**AIM OF THE TASK**
From the line with "thumbnail image 1" to the line with "Pojemnik na miód", retype every line exactly, including those two, and leave out the rest of the data below.
━━ THE RECORDS
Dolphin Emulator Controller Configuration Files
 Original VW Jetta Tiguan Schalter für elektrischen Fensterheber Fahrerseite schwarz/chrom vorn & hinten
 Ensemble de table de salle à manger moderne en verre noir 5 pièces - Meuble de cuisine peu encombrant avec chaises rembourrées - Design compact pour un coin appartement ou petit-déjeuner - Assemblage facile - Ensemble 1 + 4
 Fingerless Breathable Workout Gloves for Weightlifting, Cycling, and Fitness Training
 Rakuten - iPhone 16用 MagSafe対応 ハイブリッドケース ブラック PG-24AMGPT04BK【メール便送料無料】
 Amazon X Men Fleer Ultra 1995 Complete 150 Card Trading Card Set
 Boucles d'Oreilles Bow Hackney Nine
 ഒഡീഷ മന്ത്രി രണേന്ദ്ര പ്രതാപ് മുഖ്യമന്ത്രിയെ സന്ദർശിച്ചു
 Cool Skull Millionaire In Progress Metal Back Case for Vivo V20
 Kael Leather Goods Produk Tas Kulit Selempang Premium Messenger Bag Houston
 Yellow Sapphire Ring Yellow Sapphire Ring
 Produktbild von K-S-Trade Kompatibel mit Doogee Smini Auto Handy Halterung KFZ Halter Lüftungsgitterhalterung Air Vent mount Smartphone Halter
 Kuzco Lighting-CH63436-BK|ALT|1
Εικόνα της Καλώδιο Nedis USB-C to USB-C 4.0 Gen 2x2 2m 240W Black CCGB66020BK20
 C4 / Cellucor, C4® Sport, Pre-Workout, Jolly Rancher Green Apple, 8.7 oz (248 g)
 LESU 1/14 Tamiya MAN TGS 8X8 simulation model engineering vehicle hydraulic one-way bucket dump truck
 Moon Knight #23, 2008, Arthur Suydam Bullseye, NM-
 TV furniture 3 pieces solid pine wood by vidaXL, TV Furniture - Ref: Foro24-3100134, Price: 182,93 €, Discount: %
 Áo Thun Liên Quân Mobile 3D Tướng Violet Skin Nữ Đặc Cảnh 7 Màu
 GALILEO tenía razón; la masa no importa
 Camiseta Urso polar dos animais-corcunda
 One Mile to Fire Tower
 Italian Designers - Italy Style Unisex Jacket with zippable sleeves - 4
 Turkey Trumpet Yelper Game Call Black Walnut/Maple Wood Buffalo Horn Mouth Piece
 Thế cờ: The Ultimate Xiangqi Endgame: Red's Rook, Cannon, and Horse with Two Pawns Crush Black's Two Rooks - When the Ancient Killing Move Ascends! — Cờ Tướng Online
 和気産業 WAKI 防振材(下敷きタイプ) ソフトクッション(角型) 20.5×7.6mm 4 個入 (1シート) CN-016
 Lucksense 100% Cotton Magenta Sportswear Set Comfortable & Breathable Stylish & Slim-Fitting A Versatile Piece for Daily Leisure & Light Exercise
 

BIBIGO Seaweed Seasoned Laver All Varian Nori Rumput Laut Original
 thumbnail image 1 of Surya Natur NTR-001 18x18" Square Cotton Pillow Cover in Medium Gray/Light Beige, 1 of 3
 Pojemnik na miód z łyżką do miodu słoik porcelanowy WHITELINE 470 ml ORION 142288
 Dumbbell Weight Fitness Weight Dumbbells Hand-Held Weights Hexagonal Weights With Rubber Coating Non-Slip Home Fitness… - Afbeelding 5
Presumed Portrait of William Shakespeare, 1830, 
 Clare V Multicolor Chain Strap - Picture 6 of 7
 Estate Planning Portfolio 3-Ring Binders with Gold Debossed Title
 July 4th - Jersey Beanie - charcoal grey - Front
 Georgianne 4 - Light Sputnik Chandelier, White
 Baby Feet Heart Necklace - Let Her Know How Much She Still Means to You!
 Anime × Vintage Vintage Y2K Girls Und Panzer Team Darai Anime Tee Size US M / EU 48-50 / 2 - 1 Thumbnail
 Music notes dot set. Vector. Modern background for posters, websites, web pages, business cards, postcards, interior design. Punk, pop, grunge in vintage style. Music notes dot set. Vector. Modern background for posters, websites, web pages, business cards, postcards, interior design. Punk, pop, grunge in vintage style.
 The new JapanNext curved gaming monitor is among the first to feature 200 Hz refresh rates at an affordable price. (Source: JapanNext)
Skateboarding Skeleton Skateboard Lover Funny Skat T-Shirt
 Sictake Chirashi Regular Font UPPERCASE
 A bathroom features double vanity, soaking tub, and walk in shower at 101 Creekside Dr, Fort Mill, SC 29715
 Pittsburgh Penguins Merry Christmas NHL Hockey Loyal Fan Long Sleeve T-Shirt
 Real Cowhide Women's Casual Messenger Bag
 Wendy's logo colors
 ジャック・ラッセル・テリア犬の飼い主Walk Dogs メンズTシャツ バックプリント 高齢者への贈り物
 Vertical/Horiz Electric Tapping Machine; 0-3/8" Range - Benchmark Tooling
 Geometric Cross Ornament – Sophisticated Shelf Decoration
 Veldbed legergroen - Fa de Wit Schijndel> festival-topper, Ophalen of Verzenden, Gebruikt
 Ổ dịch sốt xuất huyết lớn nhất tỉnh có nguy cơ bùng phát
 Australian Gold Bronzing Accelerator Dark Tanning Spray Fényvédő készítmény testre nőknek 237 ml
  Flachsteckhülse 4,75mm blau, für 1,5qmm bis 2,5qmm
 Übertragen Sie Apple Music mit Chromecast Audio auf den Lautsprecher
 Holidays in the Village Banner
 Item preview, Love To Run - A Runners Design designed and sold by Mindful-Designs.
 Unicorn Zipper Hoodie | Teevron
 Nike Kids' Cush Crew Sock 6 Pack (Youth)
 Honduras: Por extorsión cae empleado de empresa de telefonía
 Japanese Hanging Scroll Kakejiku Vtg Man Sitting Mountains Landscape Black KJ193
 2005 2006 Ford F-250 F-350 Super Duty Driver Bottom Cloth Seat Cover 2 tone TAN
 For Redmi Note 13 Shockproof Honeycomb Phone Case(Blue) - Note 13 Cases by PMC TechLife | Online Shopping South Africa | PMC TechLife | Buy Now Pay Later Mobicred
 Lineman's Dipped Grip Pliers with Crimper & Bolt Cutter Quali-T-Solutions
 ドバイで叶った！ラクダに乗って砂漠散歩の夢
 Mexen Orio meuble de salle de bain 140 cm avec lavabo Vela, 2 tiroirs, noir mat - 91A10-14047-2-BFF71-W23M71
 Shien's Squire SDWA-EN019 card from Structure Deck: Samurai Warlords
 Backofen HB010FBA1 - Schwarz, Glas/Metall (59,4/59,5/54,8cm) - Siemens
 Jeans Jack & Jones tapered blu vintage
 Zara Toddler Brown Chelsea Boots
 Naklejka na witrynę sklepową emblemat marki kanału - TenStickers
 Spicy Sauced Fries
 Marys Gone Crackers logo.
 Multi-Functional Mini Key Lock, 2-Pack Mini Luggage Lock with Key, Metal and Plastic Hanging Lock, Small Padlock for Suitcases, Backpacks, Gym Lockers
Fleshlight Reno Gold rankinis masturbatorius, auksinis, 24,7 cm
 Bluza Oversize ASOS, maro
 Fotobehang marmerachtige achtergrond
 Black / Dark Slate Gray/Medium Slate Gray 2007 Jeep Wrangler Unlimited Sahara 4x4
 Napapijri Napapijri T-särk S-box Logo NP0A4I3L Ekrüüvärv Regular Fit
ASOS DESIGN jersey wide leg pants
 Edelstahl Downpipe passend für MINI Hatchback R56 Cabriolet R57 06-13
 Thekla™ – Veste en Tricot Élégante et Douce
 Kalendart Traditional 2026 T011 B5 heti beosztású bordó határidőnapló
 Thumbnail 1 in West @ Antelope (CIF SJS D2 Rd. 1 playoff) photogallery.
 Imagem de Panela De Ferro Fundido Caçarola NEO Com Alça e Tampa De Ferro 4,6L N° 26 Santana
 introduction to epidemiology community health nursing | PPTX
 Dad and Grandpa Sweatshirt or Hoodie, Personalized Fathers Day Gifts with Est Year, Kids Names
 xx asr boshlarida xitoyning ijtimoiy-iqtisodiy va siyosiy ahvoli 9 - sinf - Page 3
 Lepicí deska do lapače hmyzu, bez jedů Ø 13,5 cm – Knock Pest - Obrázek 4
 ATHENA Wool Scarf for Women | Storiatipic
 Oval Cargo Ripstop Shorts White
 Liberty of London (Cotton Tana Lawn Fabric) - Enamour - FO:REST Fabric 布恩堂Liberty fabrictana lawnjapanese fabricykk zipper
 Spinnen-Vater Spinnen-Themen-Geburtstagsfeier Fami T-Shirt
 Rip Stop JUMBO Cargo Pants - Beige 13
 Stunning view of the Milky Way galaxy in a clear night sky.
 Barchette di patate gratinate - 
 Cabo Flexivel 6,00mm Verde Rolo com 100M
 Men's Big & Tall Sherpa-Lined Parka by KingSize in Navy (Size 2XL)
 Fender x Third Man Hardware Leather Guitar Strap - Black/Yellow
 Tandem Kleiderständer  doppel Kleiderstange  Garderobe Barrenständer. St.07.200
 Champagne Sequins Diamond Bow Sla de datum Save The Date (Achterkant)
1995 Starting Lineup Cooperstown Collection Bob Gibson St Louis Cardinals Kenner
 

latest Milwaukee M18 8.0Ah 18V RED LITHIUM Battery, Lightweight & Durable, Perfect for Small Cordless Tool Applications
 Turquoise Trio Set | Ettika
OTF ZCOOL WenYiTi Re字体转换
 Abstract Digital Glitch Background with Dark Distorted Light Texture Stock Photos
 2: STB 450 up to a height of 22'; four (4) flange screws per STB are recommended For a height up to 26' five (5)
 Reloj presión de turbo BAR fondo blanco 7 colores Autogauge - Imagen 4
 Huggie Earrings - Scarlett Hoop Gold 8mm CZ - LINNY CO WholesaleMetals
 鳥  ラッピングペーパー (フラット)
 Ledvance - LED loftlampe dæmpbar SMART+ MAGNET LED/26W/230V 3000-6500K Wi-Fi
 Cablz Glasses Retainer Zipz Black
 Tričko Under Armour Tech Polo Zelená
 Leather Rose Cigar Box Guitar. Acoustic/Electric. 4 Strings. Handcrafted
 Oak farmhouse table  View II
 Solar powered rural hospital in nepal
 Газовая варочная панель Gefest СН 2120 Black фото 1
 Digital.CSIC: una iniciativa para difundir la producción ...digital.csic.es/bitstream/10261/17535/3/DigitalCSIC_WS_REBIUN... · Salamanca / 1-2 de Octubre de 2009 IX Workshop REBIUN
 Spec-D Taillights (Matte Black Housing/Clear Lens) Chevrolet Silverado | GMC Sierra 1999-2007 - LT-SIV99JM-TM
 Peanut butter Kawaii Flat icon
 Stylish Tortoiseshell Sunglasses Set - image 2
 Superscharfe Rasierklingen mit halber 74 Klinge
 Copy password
━━━━
**EXPECTED ANSWER**
 thumbnail image 1 of Surya Natur NTR-001 18x18" Square Cotton Pillow Cover in Medium Gray/Light Beige, 1 of 3
 Pojemnik na miód z łyżką do miodu słoik porcelanowy WHITELINE 470 ml ORION 142288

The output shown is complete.